Les réaménagements en question comportent des coûts, mais nous ne calculons pas la différence entre le coût par pied carré d'un immeuble loué en milieu rural en Saskatchewan et ce qui serait demandé au centre-ville, à Ottawa. Les ministres d'Ottawa deviennent toujours très agités quand il y a ce genre de discussion, mais cela ne me dérange pas : je crois que le besoin d'établir les bureaux administratifs dans les grandes villes reste à prouver.
Cela vaut particulièrement pour les opérations administratives qui supposent une grande manipulation des données — un traitement intensif des données comme dans le cas des déclarations d'impôt sur le revenu et ainsi de suite. Je suis toujours inquiet quand je reçois une lettre des services fiscaux de Shawinigan, mais pas parce que c'est Shawinigan. Je me sens mieux depuis qu'il y a un nouveau gouvernement en place. Je n'ai pas à m'inquiéter du courrier qui vient de Shawinigan autant que par le passé, mais je donne crédit à ce premier ministre, député local, qui est allé constituer là un bassin d'employés.
Dans l'analyse particulière que vous faites des grappes, monsieur Partridge, pour les États-Unis et pour le Canada à la fois, quel est le rôle du secteur public? Dans quelle mesure y voyez-vous un levier important pour ce qui est de faciliter l'établissement des grappes en question et d'installer dans les régions rurales des employeurs qui recrutent — pour aider vraiment à améliorer la base économique générale?

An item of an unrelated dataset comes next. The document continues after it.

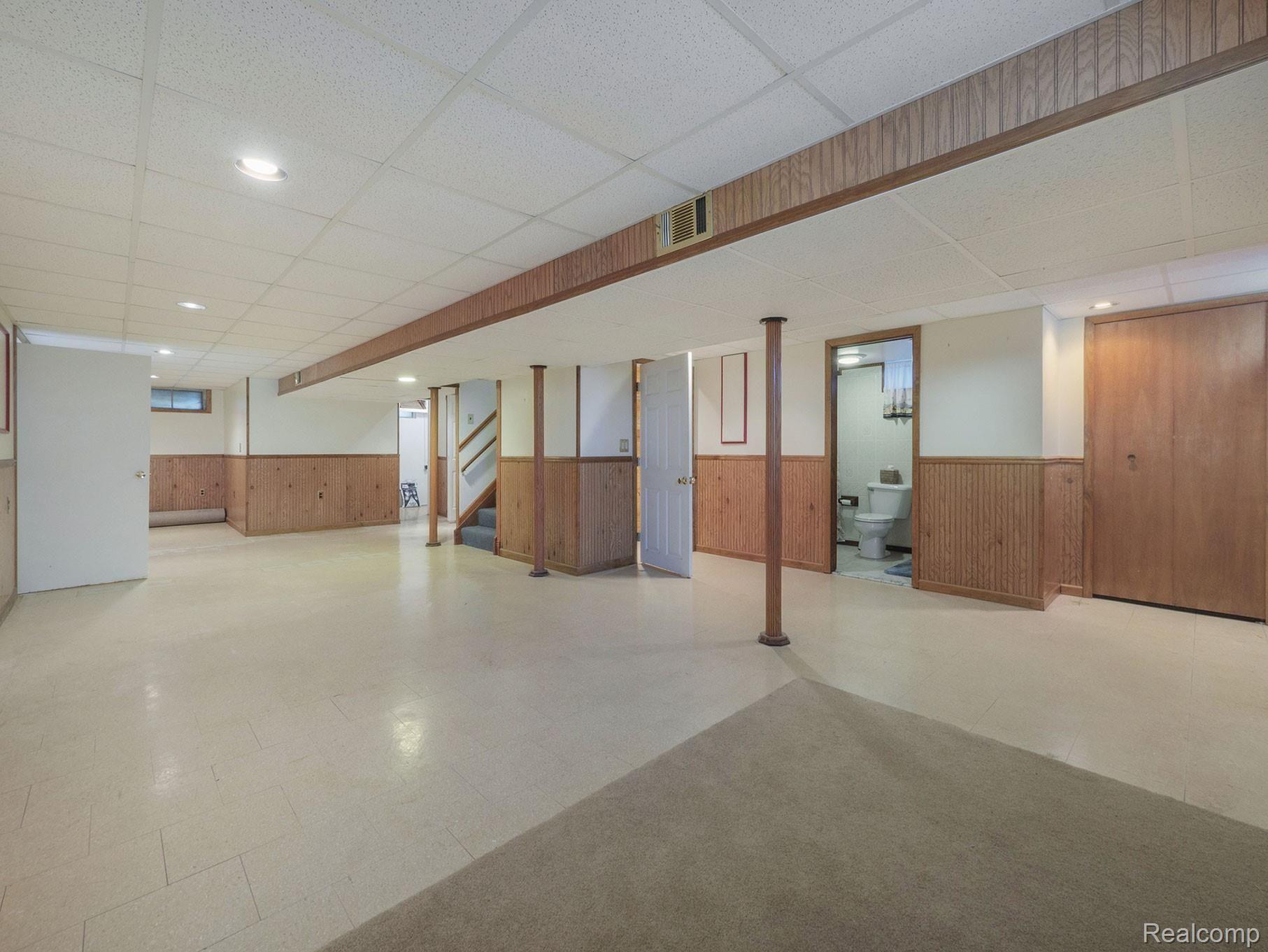 54800 9 Mile Road South Lyon, MI 48178 - Photo 27 of 31 photo_180.jpg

M. Partridge : Le gouvernement joue un rôle important. J'admets que le gouvernement dispose de ressources limitées. Il a tant de choses à accomplir — santé, éducation et autres besoins — qu'il n'en a que tant à offrir pour revitaliser les régions rurales.
Tout de même, pour ce qui est du rôle du gouvernement, il s'agit de soutenir. L'infrastructure nécessaire existe-t- elle? Les services sociaux nécessaires existent-ils? Que ce soit dans chaque ville ou, plus vraisemblablement, étant donné les coûts, dans les grands centres tout au moins, est-ce qu'il existe des façons de s'assurer que les gens des campagnes ont accès à cela? Quant au troisième rôle, vous évoquez le cas de petits créneaux originaux où les pouvoirs publics peuvent jouer un rôle. Je suis tout à fait d'accord avec votre analyse, à condition de ne pas essayer de réaménager certains types de services gouvernementaux et en situer le centre dans des petites collectivités rurales où il n'est pas possible d'attirer les employés; les petits centres en question ne permettront pas d'attirer certains types de personnes ayant des exigences élevées du point de vue de l'éducation.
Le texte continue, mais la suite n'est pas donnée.